WORK REQUIRED: Once you have located the line containing "Biagio 100% Cotton" in the material below, return it exactly along with each line after it through the line containing "Auihiay Auihiay 70".

SUPPLIED ENTRIES:
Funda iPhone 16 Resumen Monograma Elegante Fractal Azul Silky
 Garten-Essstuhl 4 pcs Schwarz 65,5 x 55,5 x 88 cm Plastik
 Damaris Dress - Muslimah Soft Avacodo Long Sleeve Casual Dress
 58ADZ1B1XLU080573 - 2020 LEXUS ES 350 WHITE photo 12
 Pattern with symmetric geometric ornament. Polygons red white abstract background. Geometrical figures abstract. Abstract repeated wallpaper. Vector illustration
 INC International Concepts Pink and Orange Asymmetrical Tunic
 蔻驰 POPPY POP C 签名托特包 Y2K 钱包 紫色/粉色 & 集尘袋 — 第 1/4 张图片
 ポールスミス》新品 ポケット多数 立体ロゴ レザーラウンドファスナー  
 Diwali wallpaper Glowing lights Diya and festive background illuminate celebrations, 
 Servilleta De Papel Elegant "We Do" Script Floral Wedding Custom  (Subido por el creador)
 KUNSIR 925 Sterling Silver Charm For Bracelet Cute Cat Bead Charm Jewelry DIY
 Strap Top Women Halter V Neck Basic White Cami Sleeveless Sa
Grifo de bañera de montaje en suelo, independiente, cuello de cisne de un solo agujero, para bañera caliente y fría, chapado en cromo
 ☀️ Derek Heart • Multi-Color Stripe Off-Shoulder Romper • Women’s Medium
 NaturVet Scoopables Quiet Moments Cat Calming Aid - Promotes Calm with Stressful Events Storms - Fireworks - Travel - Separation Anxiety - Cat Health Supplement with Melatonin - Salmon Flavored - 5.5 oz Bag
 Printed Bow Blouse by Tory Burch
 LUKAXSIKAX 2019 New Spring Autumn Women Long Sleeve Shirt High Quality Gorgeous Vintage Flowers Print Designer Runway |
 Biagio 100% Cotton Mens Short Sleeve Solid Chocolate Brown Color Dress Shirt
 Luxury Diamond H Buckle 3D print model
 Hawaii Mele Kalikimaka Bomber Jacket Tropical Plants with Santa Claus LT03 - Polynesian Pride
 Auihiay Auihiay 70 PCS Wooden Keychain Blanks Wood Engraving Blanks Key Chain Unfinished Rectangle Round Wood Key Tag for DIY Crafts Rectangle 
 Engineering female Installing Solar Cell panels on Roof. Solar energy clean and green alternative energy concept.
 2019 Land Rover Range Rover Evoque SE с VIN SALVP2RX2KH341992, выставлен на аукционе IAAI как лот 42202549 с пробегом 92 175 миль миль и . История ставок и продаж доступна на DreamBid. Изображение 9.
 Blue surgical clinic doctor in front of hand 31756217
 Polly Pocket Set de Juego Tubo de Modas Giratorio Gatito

SOLUTION:
 Biagio 100% Cotton Mens Short Sleeve Solid Chocolate Brown Color Dress Shirt
 Luxury Diamond H Buckle 3D print model
 Hawaii Mele Kalikimaka Bomber Jacket Tropical Plants with Santa Claus LT03 - Polynesian Pride
 Auihiay Auihiay 70 PCS Wooden Keychain Blanks Wood Engraving Blanks Key Chain Unfinished Rectangle Round Wood Key Tag for DIY Crafts Rectangle 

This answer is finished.